#### GIVEN INFORMATION
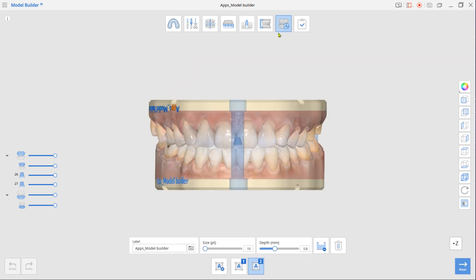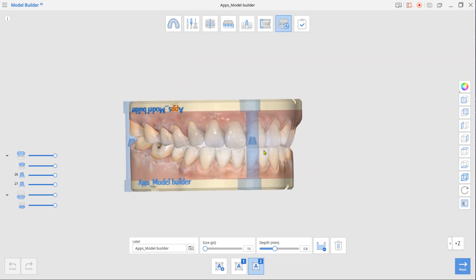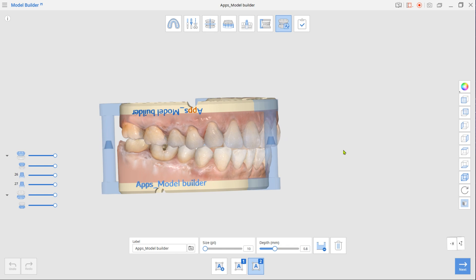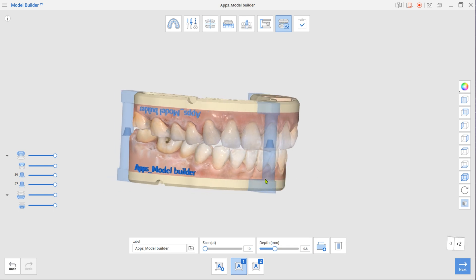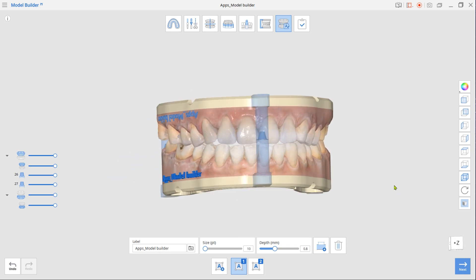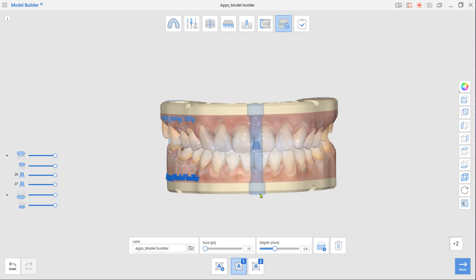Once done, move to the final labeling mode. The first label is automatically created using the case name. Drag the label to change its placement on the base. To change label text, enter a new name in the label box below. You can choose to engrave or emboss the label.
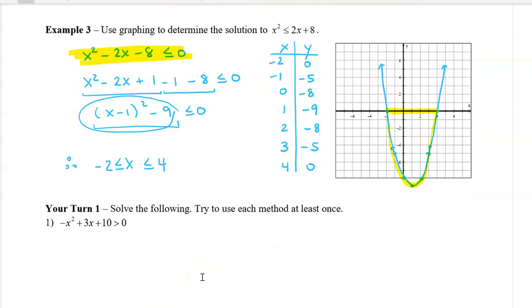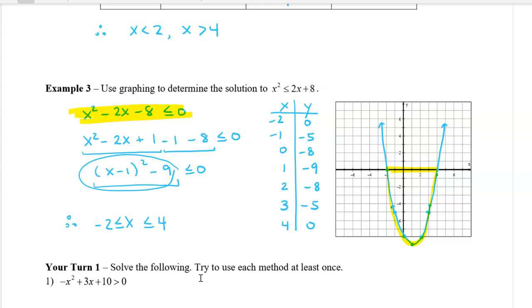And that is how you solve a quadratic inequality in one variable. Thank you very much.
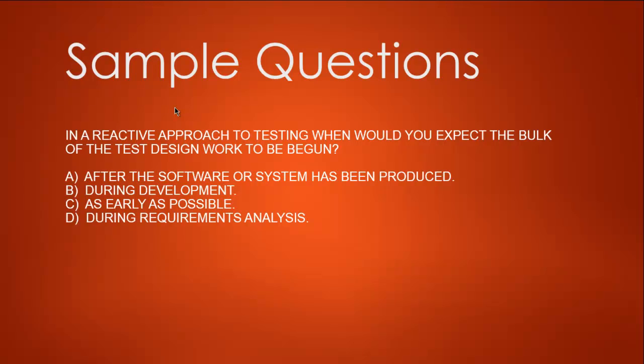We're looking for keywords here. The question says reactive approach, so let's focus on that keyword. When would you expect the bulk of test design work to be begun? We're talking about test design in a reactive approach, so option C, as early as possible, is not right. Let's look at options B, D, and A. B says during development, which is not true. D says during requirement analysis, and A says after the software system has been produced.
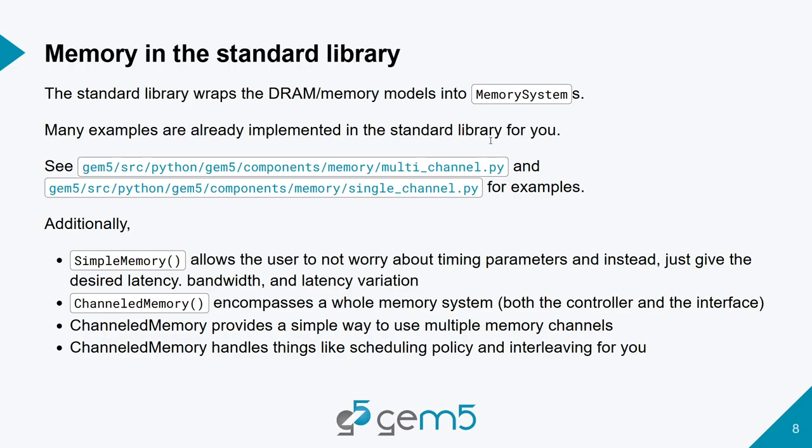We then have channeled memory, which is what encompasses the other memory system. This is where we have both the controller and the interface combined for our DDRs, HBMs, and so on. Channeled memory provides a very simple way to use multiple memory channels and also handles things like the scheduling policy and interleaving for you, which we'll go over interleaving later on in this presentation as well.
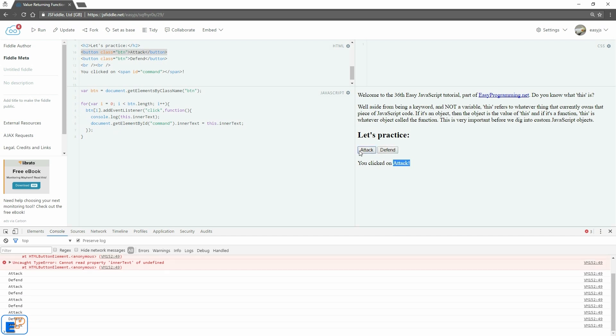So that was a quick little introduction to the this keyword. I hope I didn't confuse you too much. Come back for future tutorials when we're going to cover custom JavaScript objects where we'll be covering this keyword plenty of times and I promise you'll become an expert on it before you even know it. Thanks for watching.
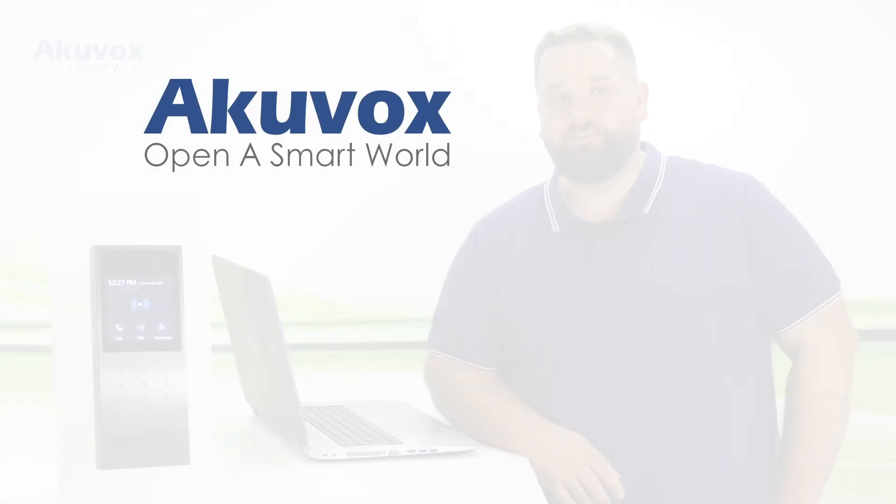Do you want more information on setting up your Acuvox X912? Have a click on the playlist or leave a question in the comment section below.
########
#### GIVEN INFORMATION
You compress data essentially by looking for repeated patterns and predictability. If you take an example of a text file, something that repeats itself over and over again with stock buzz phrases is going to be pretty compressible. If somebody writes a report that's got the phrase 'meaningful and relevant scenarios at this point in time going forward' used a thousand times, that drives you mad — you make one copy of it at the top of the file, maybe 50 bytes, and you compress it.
########
#### GIVEN INFORMATION
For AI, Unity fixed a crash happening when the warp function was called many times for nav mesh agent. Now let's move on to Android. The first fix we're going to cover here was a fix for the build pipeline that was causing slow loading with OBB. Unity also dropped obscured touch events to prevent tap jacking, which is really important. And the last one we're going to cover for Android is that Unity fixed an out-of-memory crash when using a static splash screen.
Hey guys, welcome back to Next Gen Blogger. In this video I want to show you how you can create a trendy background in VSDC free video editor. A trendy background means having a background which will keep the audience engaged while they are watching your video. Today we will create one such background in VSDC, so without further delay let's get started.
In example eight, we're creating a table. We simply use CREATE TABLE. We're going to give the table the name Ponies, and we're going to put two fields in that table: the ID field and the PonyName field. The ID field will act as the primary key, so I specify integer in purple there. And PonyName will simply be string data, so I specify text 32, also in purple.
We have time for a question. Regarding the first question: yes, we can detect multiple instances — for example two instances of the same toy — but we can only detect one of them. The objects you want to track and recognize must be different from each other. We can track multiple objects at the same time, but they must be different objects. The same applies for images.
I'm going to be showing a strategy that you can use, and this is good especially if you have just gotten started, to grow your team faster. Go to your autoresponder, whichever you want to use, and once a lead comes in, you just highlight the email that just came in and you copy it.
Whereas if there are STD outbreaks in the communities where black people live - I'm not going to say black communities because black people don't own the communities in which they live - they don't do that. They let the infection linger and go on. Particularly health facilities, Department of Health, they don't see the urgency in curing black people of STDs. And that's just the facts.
########
Among the entries above, locate the line with "Once done, move" and the line with "We're looking for". Give those two lines and all lines between them again, exactly, leaving out the pictures.

Once done, move to the final labeling mode. The first label is automatically created using the case name. Drag the label to change its placement on the base. To change label text, enter a new name in the label box below. You can choose to engrave or emboss the label.
And that is how you solve a quadratic inequality in one variable. Thank you very much.
We're looking for keywords here. The question says reactive approach, so let's focus on that keyword. When would you expect the bulk of test design work to be begun? We're talking about test design in a reactive approach, so option C, as early as possible, is not right. Let's look at options B, D, and A. B says during development, which is not true. D says during requirement analysis, and A says after the software system has been produced.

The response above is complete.